Historians now find the mid-Victorians more interesting and agreeable company than they did a generation ago, or, for that matter, two and three generations ago. From the turn of the century through the 1970s they were generally thought a remarkably dreary lot: their sexuality stifled, their clothing oppressively dark and heavy, their politics unspeakably dull until Benjamin Disraeli spiced things up by leaping in the dark and crowning Victoria Empress of India. Now we notice that the mid-Victorians did indeed have sex (some of them lots of it, and not necessarily for procreative purposes), that those endlessly pontificating statesmen did have a few interesting things to say after all, and that they often said them while wearing boldly checked or plaid trousers, no less. Mid- Victorian politics itself is now thought to be worth studying for its own sake, and not simply for the bits of it that seemed to anticipate what came later (a stable two-party system, the welfare state), and in broad rather than arbitrarily narrow and falsely- dichotomizing terms ("high" versus "low" politics, laissez-faireversus intervention). Lawrence Goldman's intelligent study of the Social Science Association (SSA) is a valuable contribution to this effort to develop a more vivid and synoptic view of how politics worked in the high-Victorian decades.

Until Goldman started looking into it, the SSA was generally dismissed as a mere talking shop: an annual week-long congress (organized by a standing central organization in London) where over a thousand delegates would sit through endless speeches on just about every subject conceivably related to the doings of its five standing "departments": legal reform, penal policy, education, public health, and "social economy." But Goldman makes it plain that the SSA was far more than a glorified debating society. His five main arguments are, first, that it was an important policy-making forum whose more influential members (a potent combination of mostly Liberal politicians, administrators, intellectuals, and professionals) did much to initiate and to shape the penal, sanitary, educational, and marriage reforms of the era; second, that it provided an important connecting link between parliamentary and popular politics, metropolis and province; third, that its strenuous faith in human improvement and its efficacy as an instrument for policy-making both testify to the distinctiveness of the Age of Equipoise, during which Britain was remarkably and peculiarly at peace with itself, and social issues did not yet mark out the battle-ground of party politics; fourth, that the mechanics of social reform were far more complicated than either the traditional "Benthamite" or "Tory" interpretations (that is, reform as, respectively, the work of a hard core of activist insiders or of a generalized "spirit of improvement") are able to account for; and fifth, that rather than rue the relatively late development of social science within the universities as a sign of Victorian Britain's sterile empiricism (à la Philip Abrams and Perry Anderson), we should read its early development within robust secondary institutions such as the SSA as a healthy sign of its close connection to political practice in the British public sphere, the stability of which was the envy of liberals and even a good many conservatives throughout Europe and the United States.

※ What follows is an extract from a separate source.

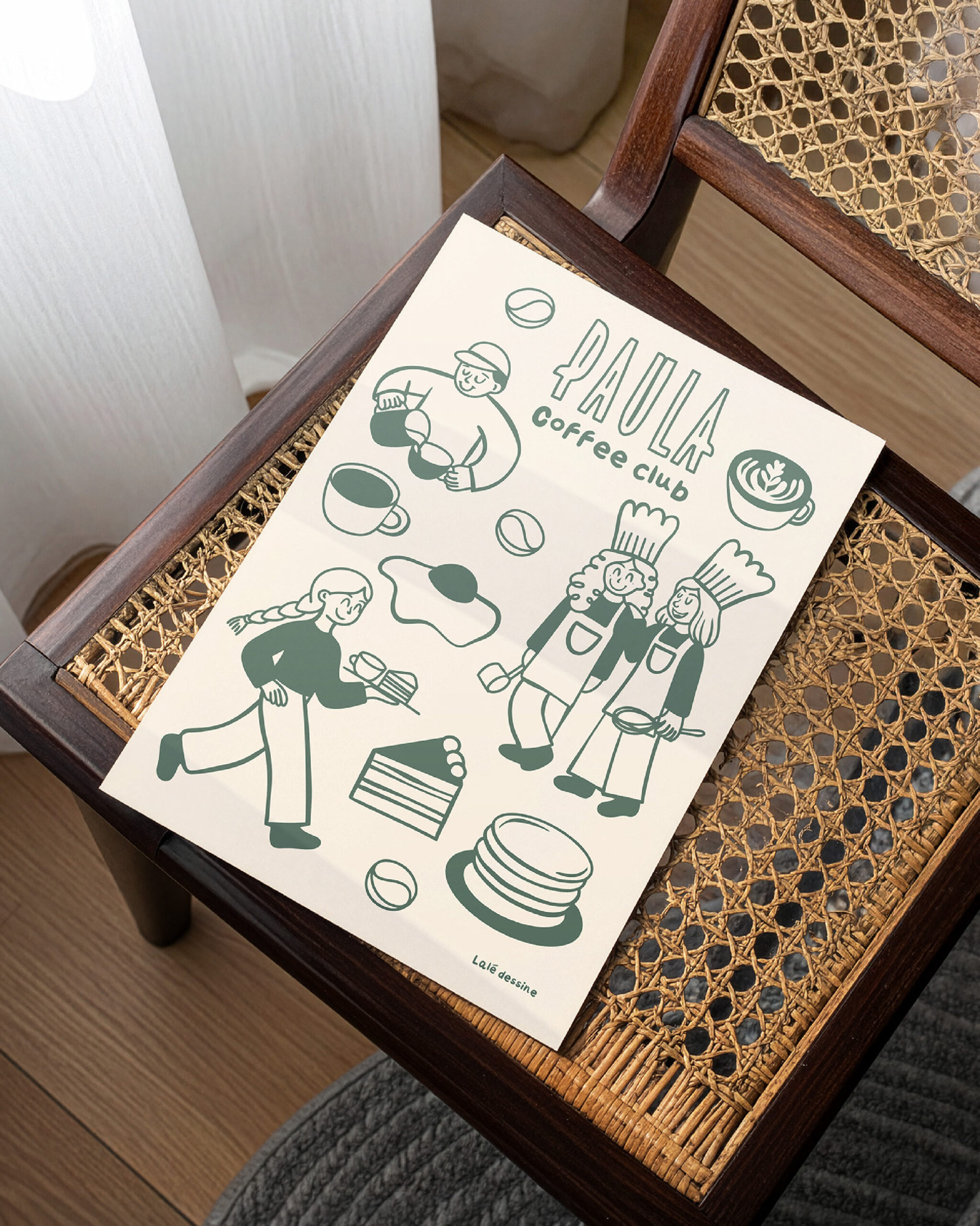 graphiste Tours Touraine agence de communication illustration Paula coffee shop dessin mascotte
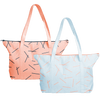 Cute tote bags in light denim with peach pixie sticks and peach canvas with navy blue pixie sticks.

As this rather breathless summary suggests, Goldman's is a book of ambitious scope. He largely makes good on his ambitions, showing that the SSA provides a surprisingly [End Page 141] big window on a political world that indeed seems to have been as richly variegated as he makes it out to be. Particularly valuable is his broad-minded treatment of the internal tensions between Victorian Liberalism's commitment to the protection of individual rights on the one hand and to the promotion of the "public good" on the other, tensions most noticeable in the preventive measures enshrined in the now...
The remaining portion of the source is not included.